I really love Argentine Tango. It's right up there with Aikido, yoga, ultimate frisbee and basketball in my pantheon of most loved physical activities. I felt an immediate affinity for it right from the start. Several friends have been avid tangoers, and one recommended it to me when I expressed interest in learning to dance. I shyly started with some free lessons, and eventually moved on to regular weekly classes. I felt that I had finally found a dance that I was really comfortable with, and the emphasis on movement originating from the core rather than the limbs was a very familiar concept from my Aikido instruction. I developed a great rapport with one of the teachers, and she always made me even more excited about how beautiful and expressive tango can be, even for an often clumsy clod such as myself.
At some point, though, I ended up hitting a wall in my progress. Without much warning, I had a sort of mental sea change, and the instruction seemed tiresome and frustrating instead of interesting and liberating. My mind became closed, I became tense and self-conscious, and it just stopped being fun. As far as tango was concerned, I reverted to an old mode from my past in which I succumbed to feelings that I had no business trying something like this. I became overwhelmed by difficulties my mind exaggerated or altogether made up. It wasn't long before I quit going. That was about a year and a half ago. From time to time, I considered going back, but for some reason felt as though I couldn't go just sometimes; I had to go sign up for lessons again and go regularly. So that was nice and convenient; I knew I would convince myself that I don't have time to go regularly, and from there it's an easy jump to, "You don't have to do that." So, yeah.
This is ridiculous. I love tango. There's no genuine reason I shouldn't be going, even just sometimes. Plus, a few years ago I promised myself I would really learn to dance, and I loved tango so much I decided that had to be it.
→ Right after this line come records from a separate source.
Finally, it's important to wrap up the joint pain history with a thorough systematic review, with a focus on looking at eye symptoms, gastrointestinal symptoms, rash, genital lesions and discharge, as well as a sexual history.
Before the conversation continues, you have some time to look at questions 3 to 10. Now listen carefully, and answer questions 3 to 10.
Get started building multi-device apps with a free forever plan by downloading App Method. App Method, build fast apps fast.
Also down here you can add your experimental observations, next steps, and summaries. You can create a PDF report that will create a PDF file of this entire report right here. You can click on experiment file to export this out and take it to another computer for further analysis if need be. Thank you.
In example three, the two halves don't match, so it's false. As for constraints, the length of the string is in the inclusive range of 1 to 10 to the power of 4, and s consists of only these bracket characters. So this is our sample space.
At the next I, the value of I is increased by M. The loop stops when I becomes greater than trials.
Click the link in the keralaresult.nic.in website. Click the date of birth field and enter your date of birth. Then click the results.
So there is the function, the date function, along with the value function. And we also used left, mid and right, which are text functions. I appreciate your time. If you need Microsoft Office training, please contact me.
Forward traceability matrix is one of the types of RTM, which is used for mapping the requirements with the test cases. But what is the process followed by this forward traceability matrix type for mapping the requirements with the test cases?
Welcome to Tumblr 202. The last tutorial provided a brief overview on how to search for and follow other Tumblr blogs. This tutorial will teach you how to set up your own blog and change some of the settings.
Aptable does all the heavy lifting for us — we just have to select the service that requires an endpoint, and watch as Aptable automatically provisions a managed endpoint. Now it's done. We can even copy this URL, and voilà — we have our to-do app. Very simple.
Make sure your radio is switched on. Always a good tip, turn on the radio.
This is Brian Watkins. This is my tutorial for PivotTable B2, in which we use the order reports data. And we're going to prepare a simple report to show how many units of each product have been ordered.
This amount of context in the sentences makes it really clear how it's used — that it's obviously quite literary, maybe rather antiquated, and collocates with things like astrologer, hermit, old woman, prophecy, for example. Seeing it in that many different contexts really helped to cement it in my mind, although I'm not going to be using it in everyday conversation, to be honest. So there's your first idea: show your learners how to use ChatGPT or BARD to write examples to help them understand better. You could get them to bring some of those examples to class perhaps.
All I had to do was occasionally -- ya know -- go dancing, and at least I'd be better than I am today. I obviously dropped that particular ball.
It's definitely time to pick up that ball, to re-inflate it, slather the SPF-30 on my pasty limbs and torso, and take that ball back out to the beach. Or maybe the bleachers at McCoy stadium -- coincidentally just around the corner from Providence Tango.
Yeah, sorry; that last bit was ridiculous. I think the warm weather has me dreaming some Summery thoughts of beaches and baseball stadiums.
Sorry Excuses: "I don't want to go." (Yeah, right.) "I would have to go all the time, and I don't have time to do that."
Verdict: scared and bad attitude
Prognosis: Very good. I can take the whole intro series over again at no charge, and there plenty of nights when I don't have much to do.